Local ${\varphi }^4$ field theory, Eq. (91), with $\frac{g}{m_0^3}=100$. (a) Field and conjugate-field distributions, ${\left|\mathrm{\Phi }\left(\phi \right)\right|}^2$ (dashed black) and $|\widehat{\mathrm{\Phi }}{\left(\kappa \right)|}^2$ (solid red), respectively, in the ground state. Insets: The conjugate-field distribution has an oscillatory behavior at large $\left|\kappa \right|$. (b) The ratio of the sampling intervals widths $\frac{K}{F}$ vs the tail weight $\epsilon$, calculated by employing Eq. (90). $\frac{K}{F}$ is larger than the bare mass $m_0$, and increases logarithmically with increasing the accuracy. (c) The number of the required discretization points $N_{\phi }=\lceil \frac{2}{\pi }FK\rceil$ increases logarithmically with decreasing the tail weight. (d) $m$-boson distribution for different choices of $\frac{m}{m_0}$. (e) The low-energy subspace cutoff $N_b$ vs $\frac{m}{m_0}$ for different truncation errors $1-W_{N_b}$. The optimal boson mass is found when $N_b$ is minimum.

Figure 9

Two-site ${\mathrm{\Phi }}^4$ field theory, Eq. (92), with $m_0^2=-1$ and $\frac{g}{|m_0{|}^3}=2$ and $h=1$ (a) Local field, Eq. (93) (dashed black) and conjugate-field, Eq. (94) (continuous red) distributions in the ground state.

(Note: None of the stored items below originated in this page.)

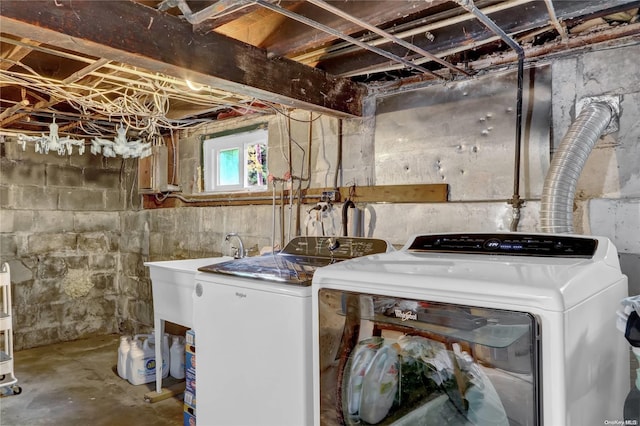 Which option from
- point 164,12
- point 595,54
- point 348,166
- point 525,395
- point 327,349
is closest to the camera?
point 525,395

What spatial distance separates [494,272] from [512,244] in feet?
1.32

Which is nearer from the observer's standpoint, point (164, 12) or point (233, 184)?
point (164, 12)

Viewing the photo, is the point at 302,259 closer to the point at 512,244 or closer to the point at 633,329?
the point at 512,244

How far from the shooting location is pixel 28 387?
324cm

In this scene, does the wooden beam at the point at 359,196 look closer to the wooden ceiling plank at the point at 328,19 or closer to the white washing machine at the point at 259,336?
the white washing machine at the point at 259,336

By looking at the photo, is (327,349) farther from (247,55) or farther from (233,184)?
(233,184)

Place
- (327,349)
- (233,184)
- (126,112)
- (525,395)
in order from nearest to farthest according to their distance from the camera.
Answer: (525,395), (327,349), (126,112), (233,184)

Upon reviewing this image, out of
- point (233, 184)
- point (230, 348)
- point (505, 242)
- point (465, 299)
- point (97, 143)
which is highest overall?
point (97, 143)

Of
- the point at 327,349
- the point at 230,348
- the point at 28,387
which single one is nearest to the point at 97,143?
the point at 28,387

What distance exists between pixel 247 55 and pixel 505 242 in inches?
53.2

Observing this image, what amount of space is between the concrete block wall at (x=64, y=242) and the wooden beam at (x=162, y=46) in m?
2.96

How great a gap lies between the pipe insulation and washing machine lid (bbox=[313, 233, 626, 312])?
219 millimetres

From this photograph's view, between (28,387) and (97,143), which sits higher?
(97,143)

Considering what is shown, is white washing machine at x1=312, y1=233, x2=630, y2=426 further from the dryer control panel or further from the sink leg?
the sink leg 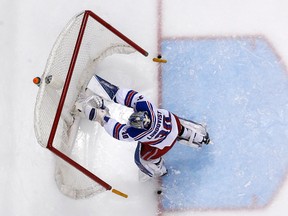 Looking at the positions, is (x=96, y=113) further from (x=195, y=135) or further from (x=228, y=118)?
(x=228, y=118)

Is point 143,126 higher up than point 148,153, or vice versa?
point 143,126

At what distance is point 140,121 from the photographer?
242 centimetres

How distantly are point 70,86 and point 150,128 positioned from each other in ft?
2.40

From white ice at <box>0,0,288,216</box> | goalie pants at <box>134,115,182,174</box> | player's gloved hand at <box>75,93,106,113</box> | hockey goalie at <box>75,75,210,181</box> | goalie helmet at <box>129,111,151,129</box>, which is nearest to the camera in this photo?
goalie helmet at <box>129,111,151,129</box>

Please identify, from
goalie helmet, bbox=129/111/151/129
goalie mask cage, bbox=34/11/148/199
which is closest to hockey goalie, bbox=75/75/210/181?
goalie helmet, bbox=129/111/151/129

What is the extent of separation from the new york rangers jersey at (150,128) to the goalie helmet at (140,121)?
0.18ft

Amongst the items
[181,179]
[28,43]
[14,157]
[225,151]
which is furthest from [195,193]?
[28,43]

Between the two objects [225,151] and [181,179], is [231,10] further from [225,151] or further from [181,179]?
[181,179]

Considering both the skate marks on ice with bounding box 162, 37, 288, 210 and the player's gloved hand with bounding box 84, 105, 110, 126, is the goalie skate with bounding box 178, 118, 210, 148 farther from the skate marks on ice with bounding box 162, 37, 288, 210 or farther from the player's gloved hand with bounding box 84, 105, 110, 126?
the player's gloved hand with bounding box 84, 105, 110, 126

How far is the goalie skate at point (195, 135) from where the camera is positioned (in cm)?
304

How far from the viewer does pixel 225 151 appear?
10.9 ft

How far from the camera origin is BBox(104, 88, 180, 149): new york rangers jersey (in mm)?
2562

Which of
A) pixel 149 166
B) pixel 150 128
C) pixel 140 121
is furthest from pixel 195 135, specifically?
pixel 140 121

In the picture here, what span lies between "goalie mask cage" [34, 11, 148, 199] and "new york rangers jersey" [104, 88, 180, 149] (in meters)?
0.32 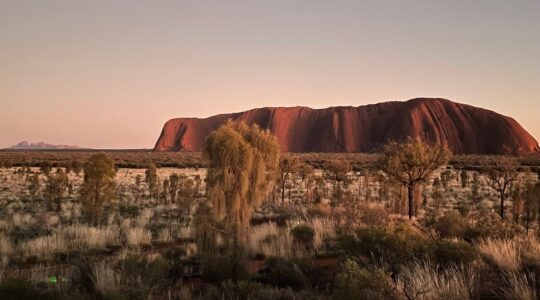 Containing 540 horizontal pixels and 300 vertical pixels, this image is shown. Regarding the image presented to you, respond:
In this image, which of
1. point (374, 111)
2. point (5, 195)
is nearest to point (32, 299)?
point (5, 195)

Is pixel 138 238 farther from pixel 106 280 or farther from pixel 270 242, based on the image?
pixel 106 280

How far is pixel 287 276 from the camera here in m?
9.15

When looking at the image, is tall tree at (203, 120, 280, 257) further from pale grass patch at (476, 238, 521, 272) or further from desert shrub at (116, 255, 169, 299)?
pale grass patch at (476, 238, 521, 272)

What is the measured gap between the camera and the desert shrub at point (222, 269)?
31.1 feet

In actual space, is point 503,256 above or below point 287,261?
above

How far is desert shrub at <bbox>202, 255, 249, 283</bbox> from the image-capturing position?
373 inches

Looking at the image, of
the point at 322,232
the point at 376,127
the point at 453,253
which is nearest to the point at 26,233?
the point at 322,232

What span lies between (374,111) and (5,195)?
13239cm

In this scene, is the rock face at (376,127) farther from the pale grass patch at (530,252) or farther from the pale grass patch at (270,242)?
the pale grass patch at (530,252)

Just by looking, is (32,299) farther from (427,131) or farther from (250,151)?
(427,131)

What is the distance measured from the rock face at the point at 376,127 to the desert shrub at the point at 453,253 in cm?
8701

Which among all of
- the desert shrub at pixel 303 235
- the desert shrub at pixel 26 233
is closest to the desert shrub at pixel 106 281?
the desert shrub at pixel 303 235

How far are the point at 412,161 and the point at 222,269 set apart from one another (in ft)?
39.8

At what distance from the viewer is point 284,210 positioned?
20891 mm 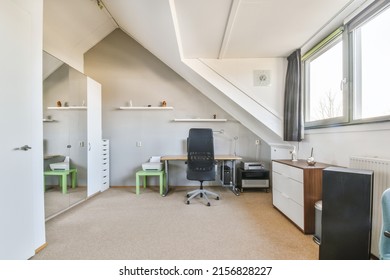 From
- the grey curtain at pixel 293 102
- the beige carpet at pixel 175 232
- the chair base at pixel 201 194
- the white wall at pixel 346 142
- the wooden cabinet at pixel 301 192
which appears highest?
the grey curtain at pixel 293 102

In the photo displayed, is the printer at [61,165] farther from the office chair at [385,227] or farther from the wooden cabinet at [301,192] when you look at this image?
the office chair at [385,227]

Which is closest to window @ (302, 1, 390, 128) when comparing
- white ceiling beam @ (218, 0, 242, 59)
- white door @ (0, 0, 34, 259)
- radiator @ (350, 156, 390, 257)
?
radiator @ (350, 156, 390, 257)

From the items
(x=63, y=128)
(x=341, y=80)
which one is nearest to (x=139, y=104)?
(x=63, y=128)

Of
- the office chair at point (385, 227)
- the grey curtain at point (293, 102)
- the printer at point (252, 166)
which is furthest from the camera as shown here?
the printer at point (252, 166)

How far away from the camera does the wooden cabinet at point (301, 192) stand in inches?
80.4

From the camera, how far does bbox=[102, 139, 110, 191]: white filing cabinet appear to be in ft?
12.4

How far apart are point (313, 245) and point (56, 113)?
3.56 meters

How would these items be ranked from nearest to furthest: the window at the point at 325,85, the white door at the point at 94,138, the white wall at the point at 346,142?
1. the white wall at the point at 346,142
2. the window at the point at 325,85
3. the white door at the point at 94,138

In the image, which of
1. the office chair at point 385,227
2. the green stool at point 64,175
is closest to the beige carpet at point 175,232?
the green stool at point 64,175

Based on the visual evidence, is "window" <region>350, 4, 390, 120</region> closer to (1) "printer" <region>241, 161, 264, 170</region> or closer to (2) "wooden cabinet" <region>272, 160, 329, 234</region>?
(2) "wooden cabinet" <region>272, 160, 329, 234</region>

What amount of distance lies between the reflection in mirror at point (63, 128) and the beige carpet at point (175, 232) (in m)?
0.29

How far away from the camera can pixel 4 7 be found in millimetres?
1462

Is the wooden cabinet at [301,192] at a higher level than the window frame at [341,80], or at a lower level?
lower

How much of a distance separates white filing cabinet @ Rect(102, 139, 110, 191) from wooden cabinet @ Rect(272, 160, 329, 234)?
3395mm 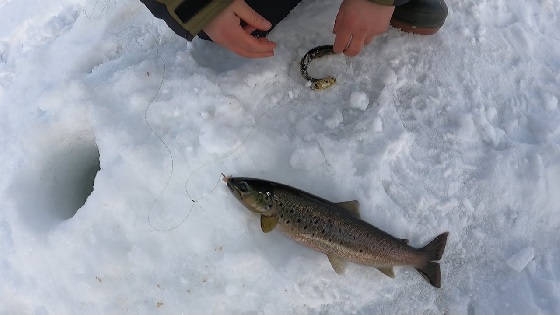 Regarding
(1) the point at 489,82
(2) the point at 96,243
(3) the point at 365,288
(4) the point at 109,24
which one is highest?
(4) the point at 109,24

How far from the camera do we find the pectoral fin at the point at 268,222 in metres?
1.74

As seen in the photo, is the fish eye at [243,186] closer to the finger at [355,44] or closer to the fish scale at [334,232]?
the fish scale at [334,232]

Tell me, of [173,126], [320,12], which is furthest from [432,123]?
[173,126]

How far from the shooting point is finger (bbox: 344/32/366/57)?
1.90m

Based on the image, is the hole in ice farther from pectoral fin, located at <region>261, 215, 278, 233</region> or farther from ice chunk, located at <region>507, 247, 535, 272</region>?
ice chunk, located at <region>507, 247, 535, 272</region>

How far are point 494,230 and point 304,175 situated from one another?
2.87 feet

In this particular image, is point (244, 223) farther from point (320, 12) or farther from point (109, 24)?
point (109, 24)

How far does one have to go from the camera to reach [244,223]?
183cm

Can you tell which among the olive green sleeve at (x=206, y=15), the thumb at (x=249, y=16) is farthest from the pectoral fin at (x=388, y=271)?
the olive green sleeve at (x=206, y=15)

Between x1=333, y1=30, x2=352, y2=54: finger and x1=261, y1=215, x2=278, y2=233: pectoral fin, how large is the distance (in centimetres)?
81

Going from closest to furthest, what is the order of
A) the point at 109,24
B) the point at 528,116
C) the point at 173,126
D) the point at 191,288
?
the point at 191,288 → the point at 173,126 → the point at 528,116 → the point at 109,24

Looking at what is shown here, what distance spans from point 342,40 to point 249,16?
45 centimetres

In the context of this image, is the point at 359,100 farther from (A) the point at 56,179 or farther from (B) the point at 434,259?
(A) the point at 56,179

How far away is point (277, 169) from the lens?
1890mm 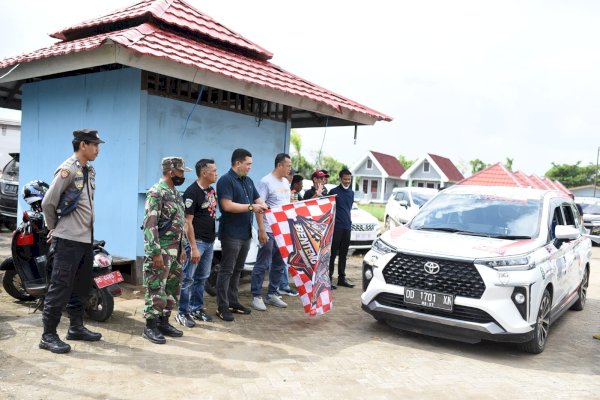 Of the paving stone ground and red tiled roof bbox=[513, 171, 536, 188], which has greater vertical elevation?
red tiled roof bbox=[513, 171, 536, 188]

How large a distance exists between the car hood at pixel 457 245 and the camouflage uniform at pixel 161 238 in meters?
2.31

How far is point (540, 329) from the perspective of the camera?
209 inches

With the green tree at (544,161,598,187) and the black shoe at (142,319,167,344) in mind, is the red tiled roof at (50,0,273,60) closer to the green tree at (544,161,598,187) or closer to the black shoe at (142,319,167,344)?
the black shoe at (142,319,167,344)

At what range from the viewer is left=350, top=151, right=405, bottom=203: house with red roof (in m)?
55.4

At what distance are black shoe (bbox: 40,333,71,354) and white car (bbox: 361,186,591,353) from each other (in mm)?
3008

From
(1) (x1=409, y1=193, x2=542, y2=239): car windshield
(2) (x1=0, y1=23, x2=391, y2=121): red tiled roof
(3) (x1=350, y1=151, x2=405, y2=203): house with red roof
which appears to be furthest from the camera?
(3) (x1=350, y1=151, x2=405, y2=203): house with red roof

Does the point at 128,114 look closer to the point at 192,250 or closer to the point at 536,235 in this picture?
the point at 192,250

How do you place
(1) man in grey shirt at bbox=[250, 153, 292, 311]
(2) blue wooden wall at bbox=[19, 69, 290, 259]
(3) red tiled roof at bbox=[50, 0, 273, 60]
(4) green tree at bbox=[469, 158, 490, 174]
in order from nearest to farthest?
(1) man in grey shirt at bbox=[250, 153, 292, 311] → (2) blue wooden wall at bbox=[19, 69, 290, 259] → (3) red tiled roof at bbox=[50, 0, 273, 60] → (4) green tree at bbox=[469, 158, 490, 174]

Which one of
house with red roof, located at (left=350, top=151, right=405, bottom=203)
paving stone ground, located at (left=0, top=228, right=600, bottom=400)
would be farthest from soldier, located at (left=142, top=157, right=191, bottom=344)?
house with red roof, located at (left=350, top=151, right=405, bottom=203)

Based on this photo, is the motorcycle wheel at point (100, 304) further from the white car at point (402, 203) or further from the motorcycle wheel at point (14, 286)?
the white car at point (402, 203)

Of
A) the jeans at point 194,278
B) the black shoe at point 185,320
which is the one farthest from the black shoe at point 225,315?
the black shoe at point 185,320

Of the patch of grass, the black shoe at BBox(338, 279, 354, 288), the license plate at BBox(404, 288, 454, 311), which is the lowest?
the patch of grass

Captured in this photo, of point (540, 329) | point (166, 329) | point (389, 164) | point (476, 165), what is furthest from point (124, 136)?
point (476, 165)

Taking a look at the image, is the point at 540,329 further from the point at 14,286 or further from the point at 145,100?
the point at 14,286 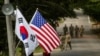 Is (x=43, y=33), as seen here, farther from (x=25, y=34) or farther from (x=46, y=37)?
(x=25, y=34)

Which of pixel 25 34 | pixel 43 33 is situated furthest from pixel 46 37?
pixel 25 34

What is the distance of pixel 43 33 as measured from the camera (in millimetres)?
17766

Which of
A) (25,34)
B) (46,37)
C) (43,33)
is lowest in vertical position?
(46,37)

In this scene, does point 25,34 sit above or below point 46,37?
above

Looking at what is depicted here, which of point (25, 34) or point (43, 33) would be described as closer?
point (25, 34)

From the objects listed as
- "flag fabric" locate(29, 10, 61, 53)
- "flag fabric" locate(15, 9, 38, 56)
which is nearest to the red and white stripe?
"flag fabric" locate(29, 10, 61, 53)

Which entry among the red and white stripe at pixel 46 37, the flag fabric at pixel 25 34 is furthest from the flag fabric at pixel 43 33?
the flag fabric at pixel 25 34

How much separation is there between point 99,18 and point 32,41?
37.1 metres

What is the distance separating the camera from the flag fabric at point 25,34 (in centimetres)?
1571

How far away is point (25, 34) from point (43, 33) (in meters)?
1.96

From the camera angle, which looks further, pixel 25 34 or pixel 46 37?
pixel 46 37

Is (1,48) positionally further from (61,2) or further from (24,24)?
(24,24)

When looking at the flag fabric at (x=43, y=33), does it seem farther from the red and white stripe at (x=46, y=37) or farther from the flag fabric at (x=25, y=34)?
the flag fabric at (x=25, y=34)

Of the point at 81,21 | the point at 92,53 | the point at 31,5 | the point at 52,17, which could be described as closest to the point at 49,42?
the point at 31,5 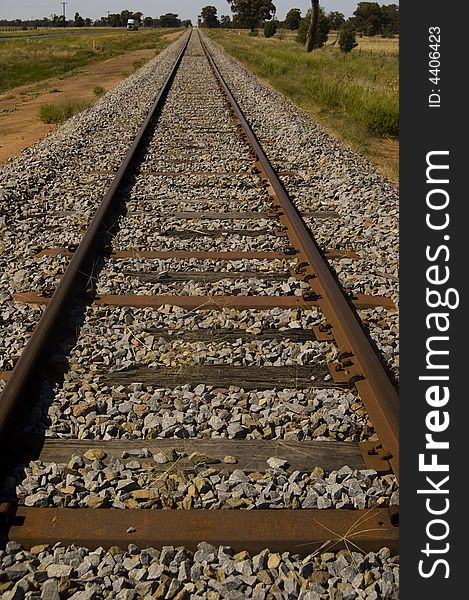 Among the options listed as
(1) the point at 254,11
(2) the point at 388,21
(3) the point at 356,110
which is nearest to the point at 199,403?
(3) the point at 356,110

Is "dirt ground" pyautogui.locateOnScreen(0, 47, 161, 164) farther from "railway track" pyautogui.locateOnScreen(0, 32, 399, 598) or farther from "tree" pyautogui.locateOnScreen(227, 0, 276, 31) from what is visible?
"tree" pyautogui.locateOnScreen(227, 0, 276, 31)

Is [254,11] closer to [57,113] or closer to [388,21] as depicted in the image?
[388,21]

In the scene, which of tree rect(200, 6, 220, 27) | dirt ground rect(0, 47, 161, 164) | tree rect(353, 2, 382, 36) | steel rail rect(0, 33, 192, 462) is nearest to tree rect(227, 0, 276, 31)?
tree rect(353, 2, 382, 36)

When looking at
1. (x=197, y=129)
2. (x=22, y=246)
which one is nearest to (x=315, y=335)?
(x=22, y=246)

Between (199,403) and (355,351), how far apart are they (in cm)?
93

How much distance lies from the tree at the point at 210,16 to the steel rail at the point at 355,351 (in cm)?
19455

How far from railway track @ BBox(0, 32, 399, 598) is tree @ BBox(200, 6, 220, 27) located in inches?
7659

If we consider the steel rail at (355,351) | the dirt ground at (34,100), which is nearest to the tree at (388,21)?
the dirt ground at (34,100)

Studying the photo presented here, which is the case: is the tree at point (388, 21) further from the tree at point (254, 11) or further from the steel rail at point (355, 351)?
the steel rail at point (355, 351)

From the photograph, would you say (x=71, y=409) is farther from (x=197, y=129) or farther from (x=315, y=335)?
(x=197, y=129)

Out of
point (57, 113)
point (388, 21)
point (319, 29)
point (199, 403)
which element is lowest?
point (199, 403)

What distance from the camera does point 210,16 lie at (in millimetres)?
182625

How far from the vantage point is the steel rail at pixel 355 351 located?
2.91 meters

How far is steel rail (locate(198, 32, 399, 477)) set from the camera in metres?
2.91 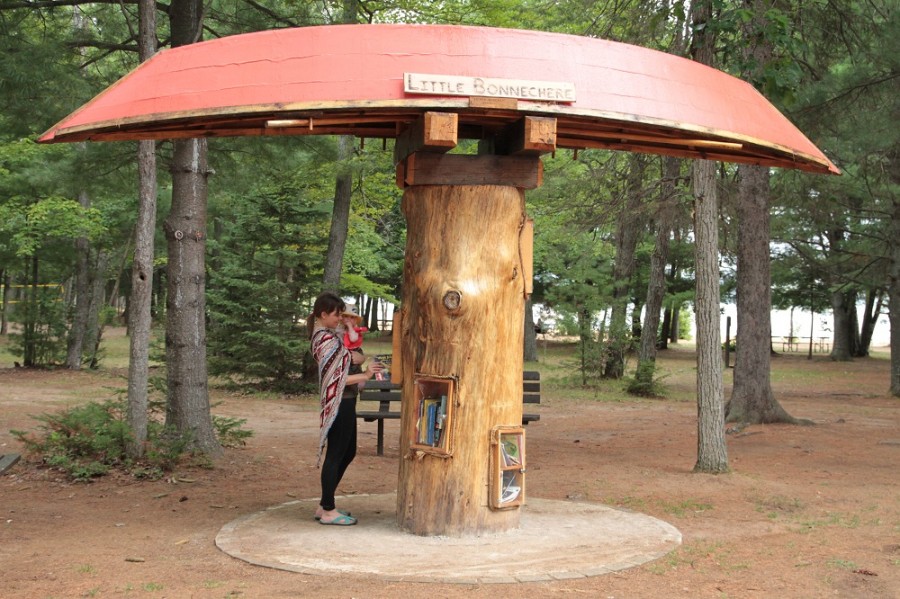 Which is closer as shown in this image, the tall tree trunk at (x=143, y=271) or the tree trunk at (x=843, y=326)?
the tall tree trunk at (x=143, y=271)

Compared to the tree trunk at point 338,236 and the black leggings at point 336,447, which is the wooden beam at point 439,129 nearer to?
the black leggings at point 336,447

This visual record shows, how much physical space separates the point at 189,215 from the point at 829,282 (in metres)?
28.9

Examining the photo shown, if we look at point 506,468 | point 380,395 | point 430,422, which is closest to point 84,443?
point 380,395

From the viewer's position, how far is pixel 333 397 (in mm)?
7246

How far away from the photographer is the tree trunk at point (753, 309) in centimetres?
1550

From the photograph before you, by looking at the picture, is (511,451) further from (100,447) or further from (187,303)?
(100,447)

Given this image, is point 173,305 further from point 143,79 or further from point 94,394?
point 94,394

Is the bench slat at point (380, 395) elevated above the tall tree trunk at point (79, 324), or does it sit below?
below

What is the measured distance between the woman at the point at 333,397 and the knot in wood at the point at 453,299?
3.03ft

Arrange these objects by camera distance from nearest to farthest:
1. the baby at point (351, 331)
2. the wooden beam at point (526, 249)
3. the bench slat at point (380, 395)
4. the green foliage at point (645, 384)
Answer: the wooden beam at point (526, 249) < the baby at point (351, 331) < the bench slat at point (380, 395) < the green foliage at point (645, 384)

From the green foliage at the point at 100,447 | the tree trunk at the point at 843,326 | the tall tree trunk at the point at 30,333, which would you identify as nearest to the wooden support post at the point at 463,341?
the green foliage at the point at 100,447

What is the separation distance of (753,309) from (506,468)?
9754mm

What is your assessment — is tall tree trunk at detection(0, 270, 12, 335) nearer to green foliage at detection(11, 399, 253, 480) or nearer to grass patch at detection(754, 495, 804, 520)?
green foliage at detection(11, 399, 253, 480)

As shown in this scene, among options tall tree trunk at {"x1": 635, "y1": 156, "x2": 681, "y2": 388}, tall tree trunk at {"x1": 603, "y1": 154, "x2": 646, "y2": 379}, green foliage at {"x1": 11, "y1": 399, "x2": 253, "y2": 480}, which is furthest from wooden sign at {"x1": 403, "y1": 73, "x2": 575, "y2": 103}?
tall tree trunk at {"x1": 635, "y1": 156, "x2": 681, "y2": 388} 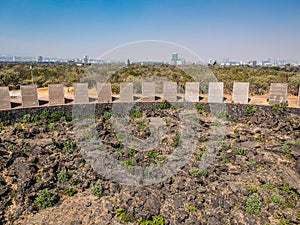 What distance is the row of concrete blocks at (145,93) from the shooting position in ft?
39.3

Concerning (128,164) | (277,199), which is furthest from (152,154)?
(277,199)

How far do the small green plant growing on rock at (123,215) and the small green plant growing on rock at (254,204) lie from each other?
2.93 m

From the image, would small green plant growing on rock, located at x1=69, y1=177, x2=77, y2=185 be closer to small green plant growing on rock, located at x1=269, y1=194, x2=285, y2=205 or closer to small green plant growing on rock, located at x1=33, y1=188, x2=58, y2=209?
small green plant growing on rock, located at x1=33, y1=188, x2=58, y2=209

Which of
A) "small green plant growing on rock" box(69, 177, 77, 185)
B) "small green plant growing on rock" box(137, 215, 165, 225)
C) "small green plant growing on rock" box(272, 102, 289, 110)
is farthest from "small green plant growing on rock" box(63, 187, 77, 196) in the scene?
"small green plant growing on rock" box(272, 102, 289, 110)

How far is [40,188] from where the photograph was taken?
745cm

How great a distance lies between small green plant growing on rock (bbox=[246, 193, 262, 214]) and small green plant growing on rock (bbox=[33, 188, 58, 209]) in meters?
5.04

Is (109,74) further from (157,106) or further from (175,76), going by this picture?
(157,106)

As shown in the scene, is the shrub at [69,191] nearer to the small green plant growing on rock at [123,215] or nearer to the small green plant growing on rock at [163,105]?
the small green plant growing on rock at [123,215]

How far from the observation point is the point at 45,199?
7.02 metres

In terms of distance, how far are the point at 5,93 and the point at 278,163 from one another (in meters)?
11.0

Inset: At large argument, the field distribution decays faster than the conjugate-field distribution. (b) The ratio of the sampling intervals widths $\frac{K}{F}$ vs the tail weight. $\frac{K}{F}$ is larger than $|m_0|$ and increases logarithmically with increasing accuracy. (c) The number of required discretization points $N_{\phi }=\lceil \frac{2}{\pi }FK\rceil$ increases logarithmically with decreasing the tail weight. (d) $m$-boson local distribution for different choices of $\frac{m}{|m_0|}$. (e) The low-energy subspace cutoff $N_b$ vs $\frac{m}{|m_0|}$ for different truncation errors $1-W_{N_b}$. The optimal boson mass is found when $N_b$ is minimum.

Figure 10

At every lattice site $n_q={log}_2\left(N_{\phi }\right)$ qubits are assigned to represent the field. (a) The field amplitude distribution at site $j$ can is obtained by direct measurement of the qubits assigned for the site $j$. (b) The conjugate-field amplitude distribution requires an inverse Fourier transform, ${\tilde{\mathcal{F}}}^{-1}$ [see Eq. (42)] at $j$ before measurement. (c) Quantum phase estimation algorithm for measuring the boson distribution at site $j$. An ancillary register of size $n_r=n_q+1$ is used to store the phase factors associated with the evolution of the system under the action of a local discrete harmonic oscillator Hamiltonian [Eq. (109)].